Supplementation of Sugars
The efficiency of the bacterium for the sorption of cadmium was tested by supplementing different carbon sources like dextrose, fructose, glucose, lactose and sucrose at 10% concentration in minimal broth containing 500 ppm concentration of cadmium and the inoculum (109 cells). The flasks were incubated at 37°C on a shaker. Optical density and biomass were estimated after two days by performing centrifugation at 2500 rpm for fifteen minutes, followed by drying in hot air oven at 80°C for three hours.
Statistical Analysis
Two way analysis of variance (ANOVA) was performed on the factors like residual cadmium concentration, percent removal of cadmium and biomass of P.oleovorans during cadmium treatment for the two variables namely cadmium concentration and treatment period. It was also performed on the factors like residual cadmium concentration and percent removal of cadmium for autoclaved cell preparations with two variables namely treatment period and cadmium concentration, using Microsoft MS- Excel Package
Results and Discussion
The bacterial strain P.oleovorans was tested for metal tolerance with wide range of cadmium concentrations (50, 100, 500, 1000, 2000, 3000 and 4000 ppm). The results indicated that after 24 hours incubation, the strain grew well up to 1000 ppm concentration of cadmium. Based on the metal tolerance level, the strain was subjected to different concentrations of cadmium (250, 500, 750, 1000 ppm) for sorption up to eight days.
(Tables 1 & 2) divulges the residual concentration of cadmium after treatment with P.oleovorans. The residual concentrations of cadmium after treatment with P.oleovorans seem to be fluctuating. The minimal value of residual concentration of cadmium was observed at 500 ppm after four days of treatment, while the maximum value was observed at 250 ppm after four days of treatment Figure 1 illustrates the percent removal of cadmium after treatment with P. oleovorans. It indicates that among all treatments, the highest percent removal was for 1000 ppm concentration of cadmium throughout the treatment period Figure 2 illustrates the biomass of P.oleovorans during cadmium treatment. It shows that for eighth day, the highest biomass was observed with 1000 ppm concentration of cadmium. It indicates that cadmium concentration and biomass are directly proportional to each other.
| Treatment period (days) | Cadmium concentration (ppm) | |||
|---|---|---|---|---|
| 250 | 500 | 750 | 1000 | |
| 2 | 0.821 | 0.482 | 0.293 | 0.61 |
| 4 | 0.944 | 0.293 | 0.293 | 0.863 |
| 6 | 0.806 | 0.549 | 0.293 | 0.293 |
| 8 | 0.755 | 0.761 | 0.293 | 0.889 |
| Treatment period (Minutes) | Cadmium concentration (ppm) | |||
| 250 | 500 | 750 | 1000 | |
| 5 | 1.043 | 0.972 | 1.023 | 1.011 |
| 10 | 1.021 | 1.004 | 0.042 | 1.082 |
| 20 | 1.013 | 1.069 | 1.013 | 1.077 |
| 40 | 1.026 | 1.01 | 1.027 | 1.103 |
| 80 | 1.043 | 0.825 | 1.053 | 1.149 |
Table 1: Residual concentration of cadmium (ppm) after long term treatment with Pseudomonas oleovorans.

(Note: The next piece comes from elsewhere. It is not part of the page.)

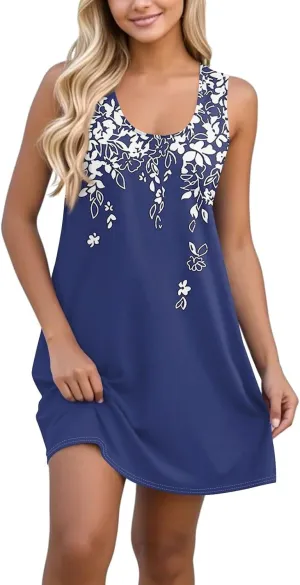 Summer Mini Dresses for Women Casual Trendy Vintage Floral Print Boho Sleeveless A-Line Pockets Beach Tank Sundress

The residual concentrations of cadmium after treatment with dead cells of P.oleovorans are shown in the residual concentration of cadmium after treatment with P.oleovorans seems to be fluctuating. The minimal value of residual concentration of cadmium was observed at 750 ppm for ten minutes and maximum was observed at 1000 ppm after eighty minutes of treatment Figure 2 illustrates the percent removal of cadmium after treatment with dead cells of P. oleovorans. It indicates maximum percent removal for 750 ppm concentration of cadmium after ten minutes. Influence of sugars at 10 % concentration on the biomass of P.oleovorans during cadmium treatment is exhibited in the Figure 4. It indicates that the biomass being highest in the case of sucrose followed by glucose, lactose, fructose and dextrose. The biomass decreased in the case of fructose and dextrose Figure 3 shows the optical density values obtained during treatment with P.oleovorans after two days of cadmium treatment. The highest value was obtained for sucrose followed by glucose, dextrose, lactose and fructose. Table 3, shows the two way analysis of variance for the residual concentration of cadmium with the variables treatment period and cadmium concentration for P.oleovorans. The variations in the residual concentrations due to treatment period were statistically not significant while for cadmium concentrations, they were statistically significant.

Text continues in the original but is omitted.